I wish you were closer to me. I have about 40-50 cases to bring to the landfill. These are empty tasting room bottles. I hold them for a year and then dispose of them. These are what is left that I haven't found a home for yet.


----------



## jojabri

grapeman said:


> I wish you were closer to me. I have about 40-50 cases to bring to the landfill. These are empty tasting room bottles. I hold them for a year and then dispose of them. These are what is left that I haven't found a home for yet.



Excuse me a moment while I shed a tear into tonight's DB LOL


----------



## Runningwolf

grapeman said:


> I wish you were closer to me. I have about 40-50 cases to bring to the landfill. These are empty tasting room bottles. I hold them for a year and then dispose of them. These are what is left that I haven't found a home for yet.



Nice Rich, what a way to make a grown girl cry!


----------



## dralarms

Grapeman,

If you weren't in communist country (ney york state) id come get them. But I'm not allowed in any state that refuses to recognize myright to carry a loaded firearm on my person when I want to.

It's a shame to trash that many cases of bottles. I hope you find someone close to take them off your hands.


----------



## fabrictodyefor

I am so sorry you don't get free bottles. I on the other hand have my dear husband ask me, "What are you gonna do with all those bottles"?? All I did was ask my quilting buddies and every couple of weeks I get another box full. I do have quite a few at the moment, but I'm trying my best to fill them up!


----------



## Stickymatch

Idea:

Grapeman has cases of bottles, Gina needs bottles and doesn't want to pay retail for new. Gina can pay Grapeman the cost of shipping the cases to her. USPS would be about $6-8 per case. Seems like a win for both parties.


----------



## winointraining

I don't know if there are any vineyards close but, you may ask them if they have any bottles . If they have tastings, I don't think they can reuse them . check the Kentucky Vineyard Society website for a local winery.


----------



## Runningwolf

winointraining said:


> I don't know if there are any vineyards close but, you may ask them if they have any bottles . If they have tastings, I don't think they can reuse them . check the Kentucky Vineyard Society website for a local winery.



That's a great idea, wish I would have thought of that.


----------



## grapeman

dralarms said:


> Grapeman,
> 
> If you weren't in communist country (ney york state) id come get them. But I'm not allowed in any state that refuses to recognize myright to carry a loaded firearm on my person when I want to.
> 
> It's a shame to trash that many cases of bottles. I hope you find someone close to take them off your hands.


 
All I can say to that statement is WOW. Why you brought that up is beyond my comprehension. I won't respond because we don't allow political discussion here, but I will say that anyone with a valid pistol carry permit is allowed to carry, generally concealed is required.


----------



## dralarms

Sorry, I was trying to be funny. Won't happen again.


----------



## beggarsu

I get my bottles from the Bottle Depot recycling bottle place 

They save wine bottles and resell them as well as collect bottles of all kinds for recycling.

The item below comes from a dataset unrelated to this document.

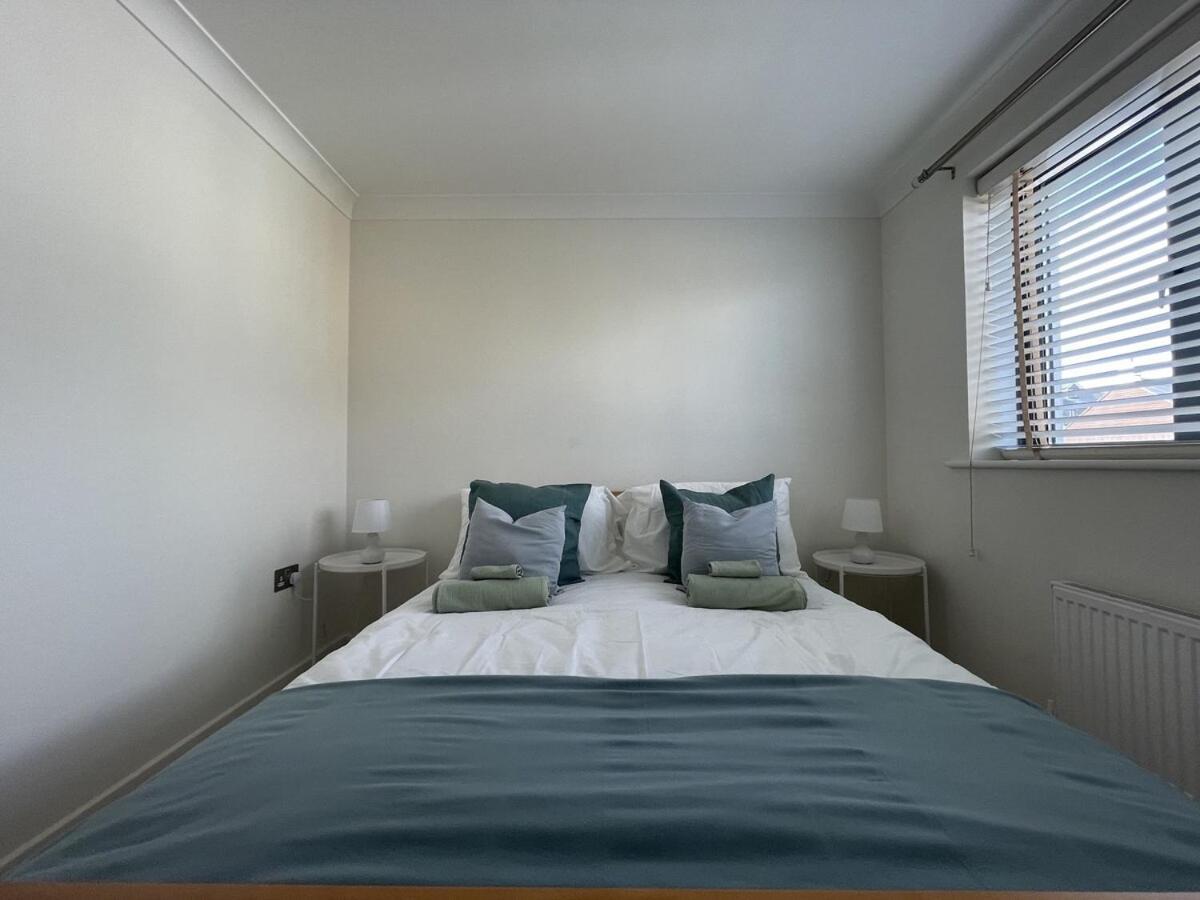 Comfortable Home W Private Parking Charlestown 查尔斯敦 外观 照片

wine bottles for sale 30 cents - all kinds screw tops , flat tops whatever is there - I scored 8 one gallon wine bottles and abut 16 3/4 wine bottles all good as carboys - (fitted with balloons on top)
All the same price 30 cents each 

Don't y'all have bottle depots down there in America?


----------



## jojabri

beggarsu said:


> I get my bottles from the Bottle Depot recycling bottle place
> 
> They save wine bottles and resell them as well as collect bottles of all kinds for recycling.
> 
> wine bottles for sale 30 cents - all kinds screw tops , flat tops whatever is there - I scored 8 one gallon wine bottles and abut 16 3/4 wine bottles all good as carboys - (fitted with balloons on top)
> All the same price 30 cents each
> 
> Don't y'all have bottle depots down there in America?



Looks like that's a negative. Boo!


----------



## RobertChartier

What I have done is this. A local winery has their tasting room. 
Due to state taxes, they have to account for all the bottles emptied during tastings. Once that is done, due to (again) state regulations, they simply recycle the bottles, rather then re-using them.
I convinced them to "recycle" them by giving them to me.
The tasting room is open 9 months out of the year, and I get 2-3 cases of bottles every month they are open.

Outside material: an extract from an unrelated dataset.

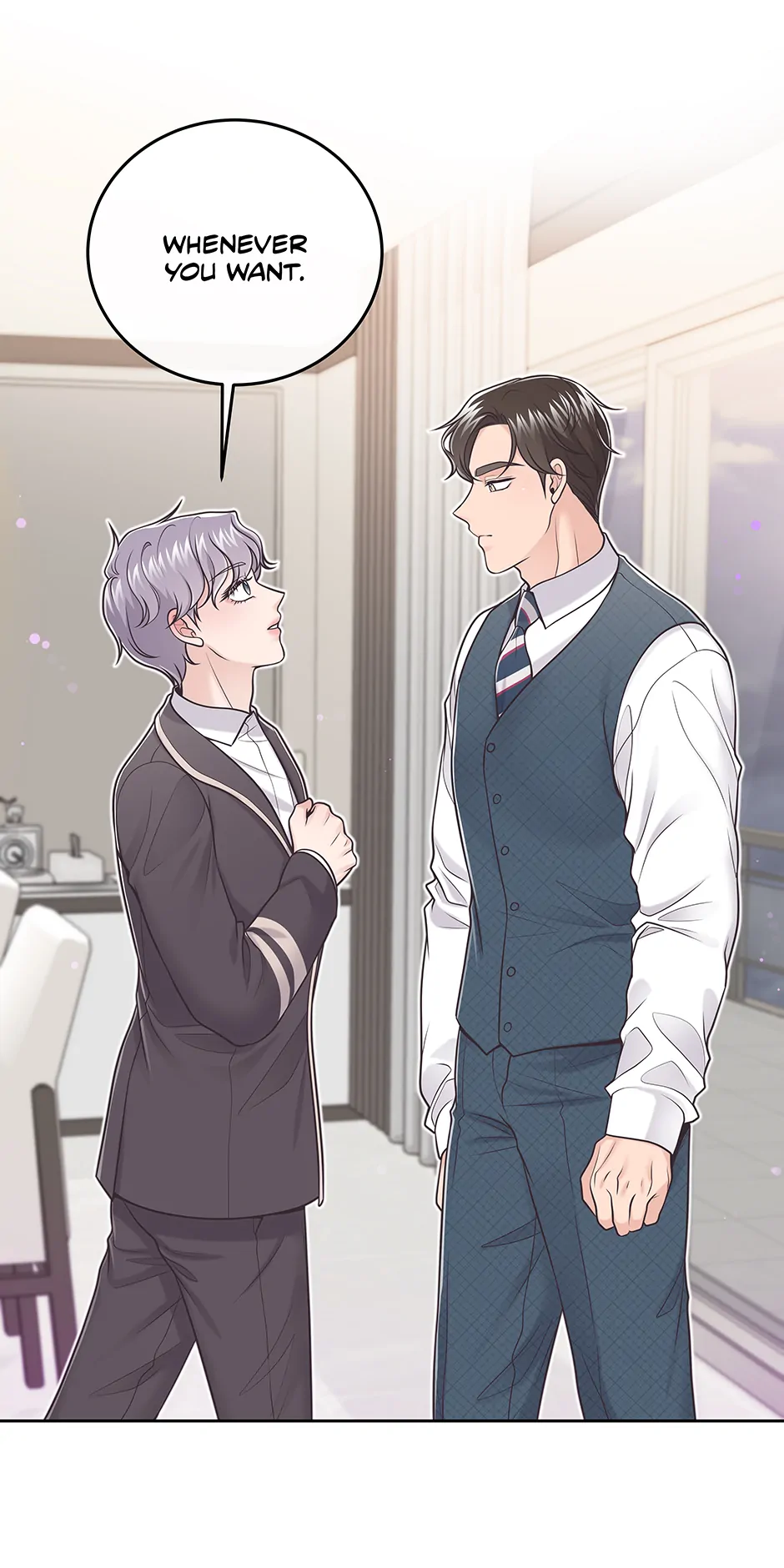 Butler (Official) [Tapas] - 9. Entertain Me manhwa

Sent from my iPhone using Wine Making


----------



## TinyPirate

I pilfer them from neighborhood recycling bins - new bottles every two weeks!


----------



## one_4fun

I made a deal with a local wine restaurant and pick up a couple empty cases a week.


----------



## Jericurl

I have a winery about 4 miles from my house.
I emailed them and asked what they did with their empties since they can't reuse them, and if I could have them.

They throw all their empties in barrels out back, take them to the recycling center every Monday.
I can take whatever I want as long as I don't make a mess.


----------



## fabrictodyefor

Jericurl said:


> I have a winery about 4 miles from my house.
> I emailed them and asked what they did with their empties since they can't reuse them, and if I could have them.
> 
> They throw all their empties in barrels out back, take them to the recycling center every Monday.
> I can take whatever I want as long as I don't make a mess.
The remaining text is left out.